A four-time all-star, Machado hit .297 last year and set career bests with 37 homers and 107 runs batted in. A four-time all-star and two-time Gold Glove winner, he has a .282 career average with 175 homers and 513 RBI in seven big league seasons.
White Sox 'in a bit of disbelief'
The Chicago White Sox were among the teams that pursued Machado.
"Still in a bit of disbelief. The one thing I can say — I just told Rick [general manager Hahn] this and I will tell Jerry [owner Reinsdorf] and our coaching staff and players — I feel we put our best foot forward. Jerry, in particular, really stepped up," he said.

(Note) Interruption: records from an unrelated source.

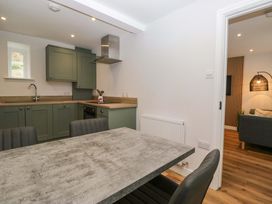 A kitchen with cabinets and a dining table at Riverside Cottage No 5 in Keswick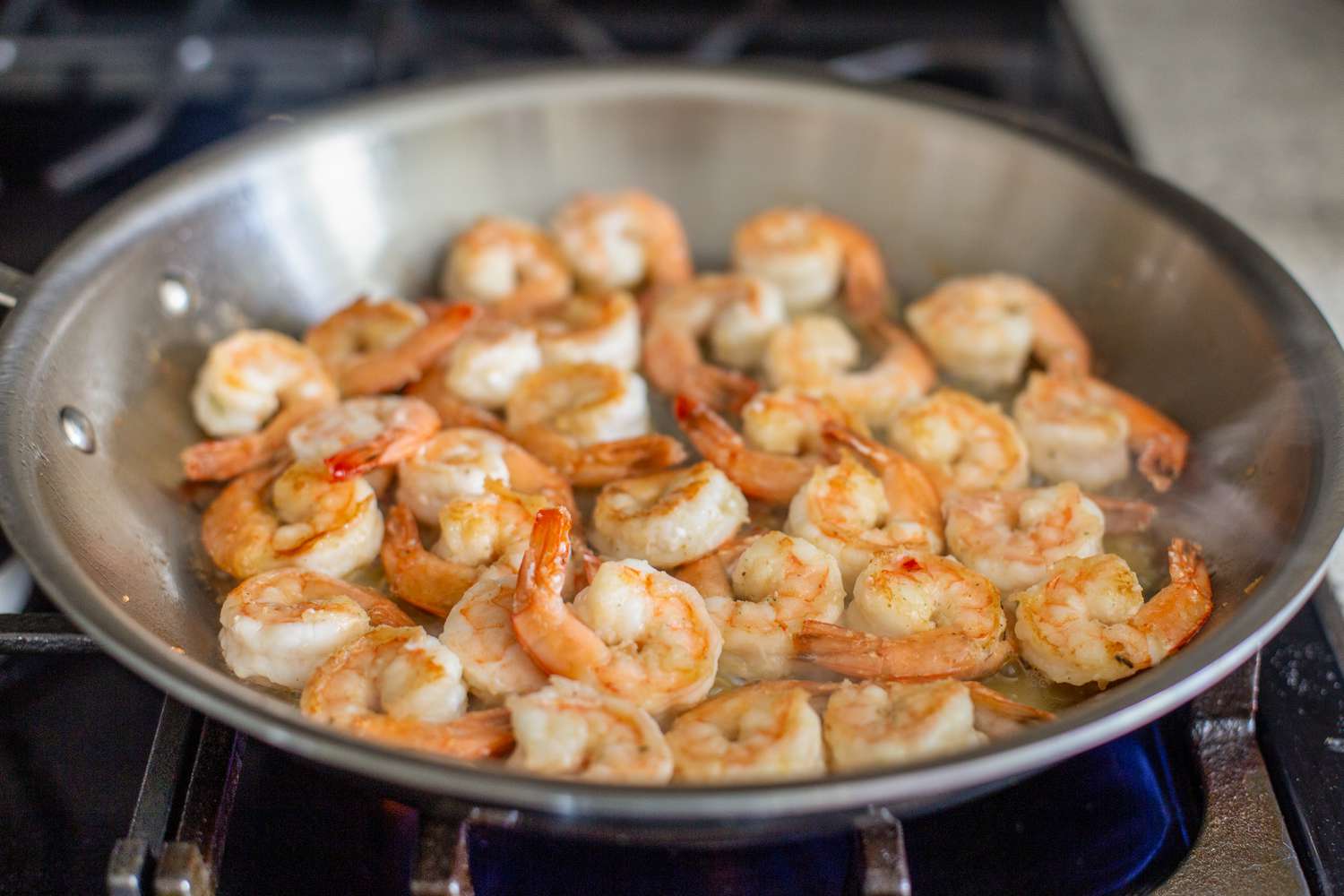 Cooked Shrimp in the Stainless Steel Pan on the Gas Stove for Pesto Shrimp With Cherry Tomatoes Recipe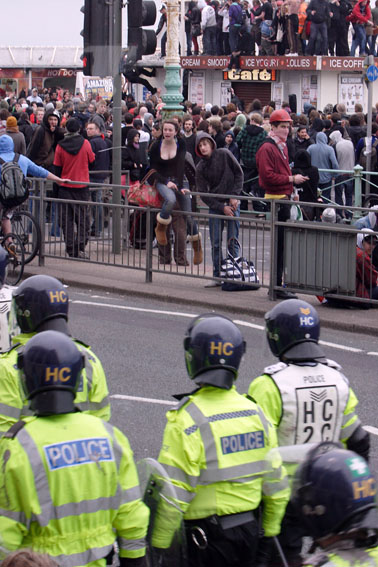 Police march past pier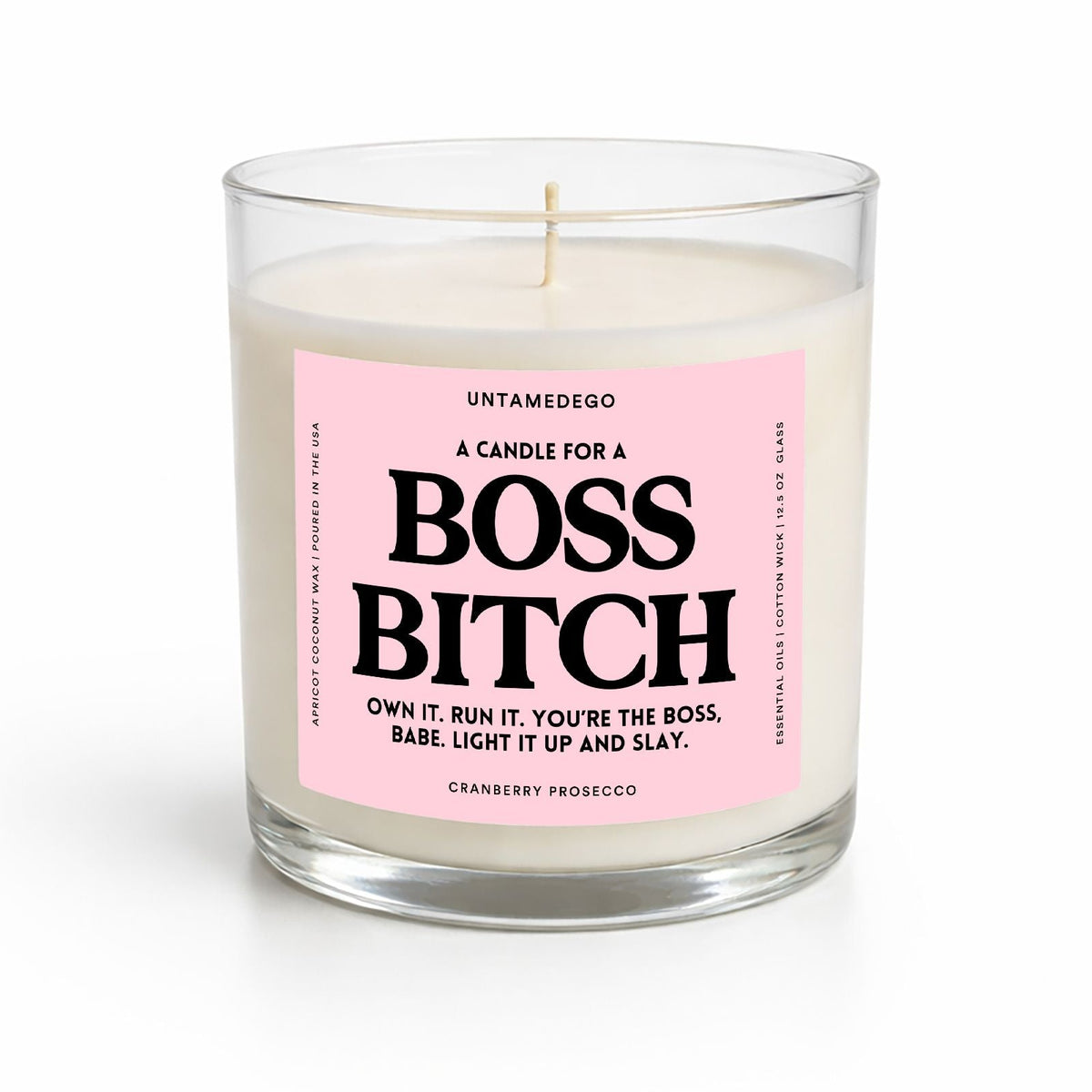 A sea salt and orchid scented candle in a clear glass jar with a pink label that reads 'UNTAMEDOGO A CANDLE FOR A BOSS BITCH' on a white background.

"If the acceptance of the offer that I'm seeing is true, then actually our offer had the opportunity for Manny to surpass that. But in the end we went after the guy and we didn't get him. The reason why we were going after him in the first place is because we feel we are positioned to do some good things here going forward. We wanted to accelerate that to a large degree and that's why we made the overture we did," he said.
Machado also met with the New York Yankees, a team that had expressed concern over Machado's remarks about hustling — not hustling, actually — during the playoffs.
After failing to run out a grounder in the NLCS, Machado said: "Obviously I'm not going to change, I'm not the type of player that's going to be 'Johnny Hustle' and run down the line and slide to first base."
Machado tried to clarify his remarks after the season, saying, "looking back, it doesn't come across how I meant it."
Yankees owner Hal Steinbrenner took notice of Machado's initial comments, labeling them "troubling."
"If we're interested in any player, to sit down with them face to face and ask him, `Where did this come from? What was the context around the entire interview? Was there a point? How do you justify it?"' Steinbrenner said in November.
"Because that ain't going to sell where we play baseball," he said.